* _Task brief_
Write the full listing out again, word for word, but omit the pictures.

* _Source material_

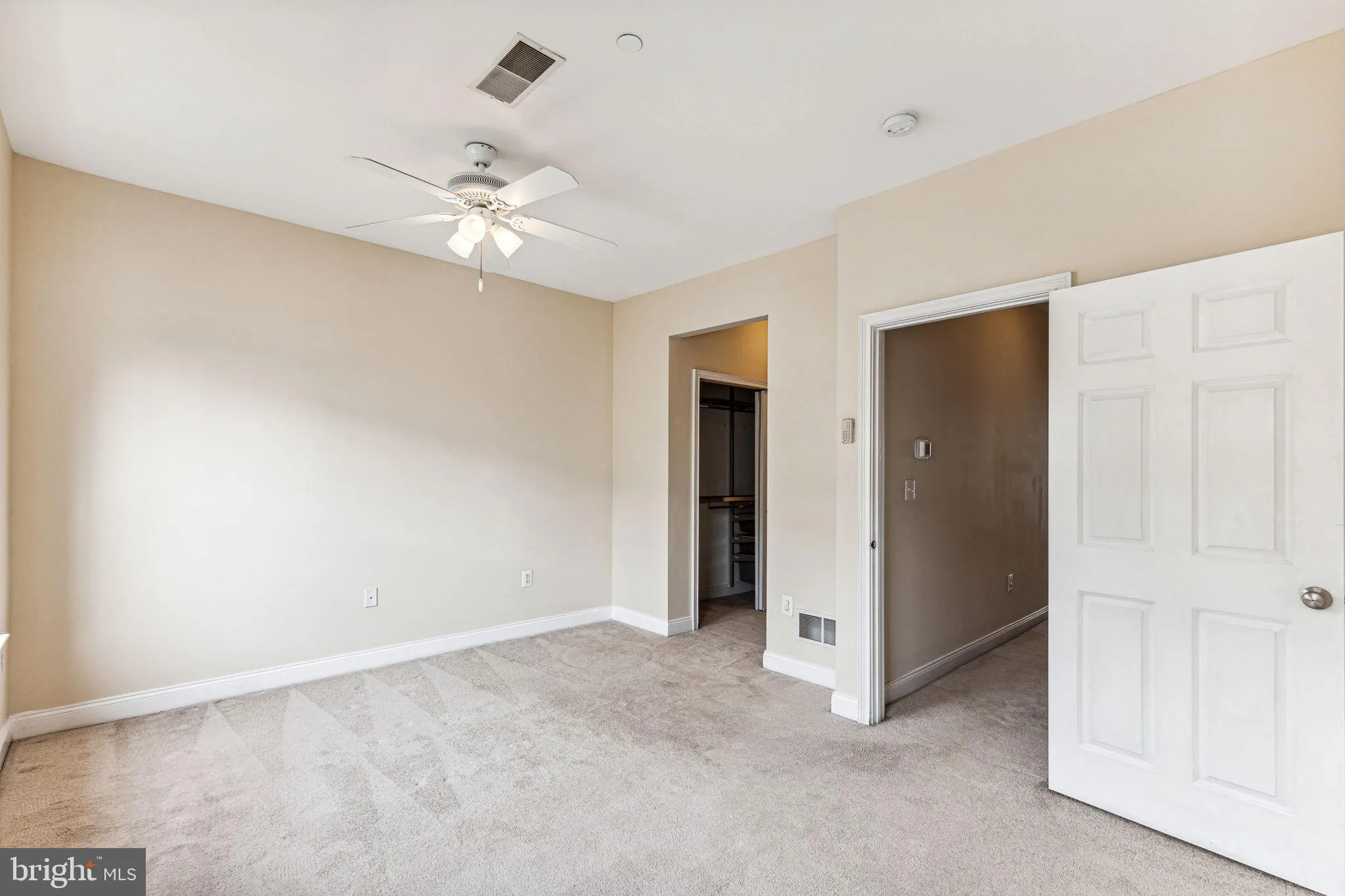 Philadelphia, Pennsylvania 19146, United States, 3 Bedrooms Bedrooms, ,3 BathroomsBathrooms,Residential,Pending,128035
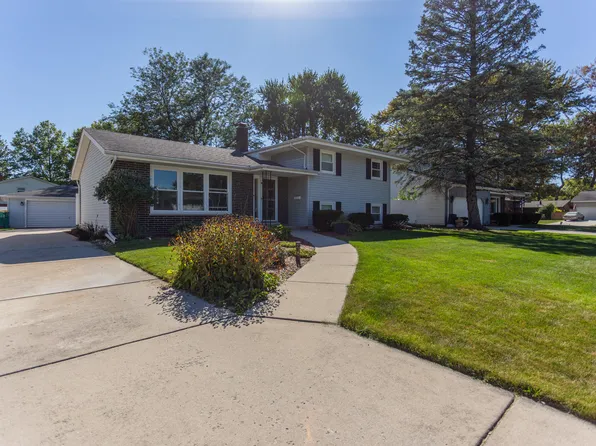 1748 Holly Ln, Munster, IN 46321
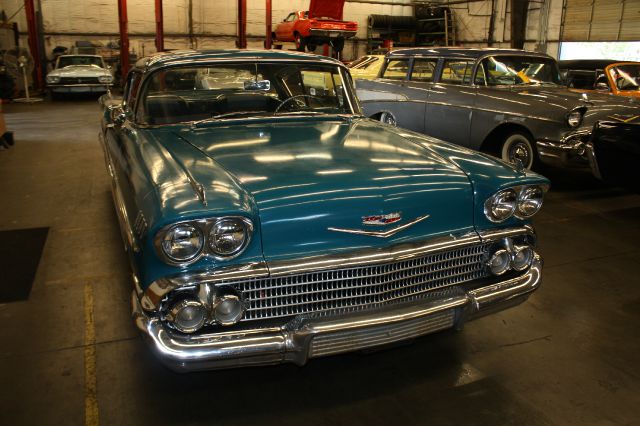 Chevrolet Impala 1958 photo 1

* _Task solution_
 Philadelphia, Pennsylvania 19146, United States, 3 Bedrooms Bedrooms, ,3 BathroomsBathrooms,Residential,Pending,128035
 1748 Holly Ln, Munster, IN 46321
 Chevrolet Impala 1958 photo 1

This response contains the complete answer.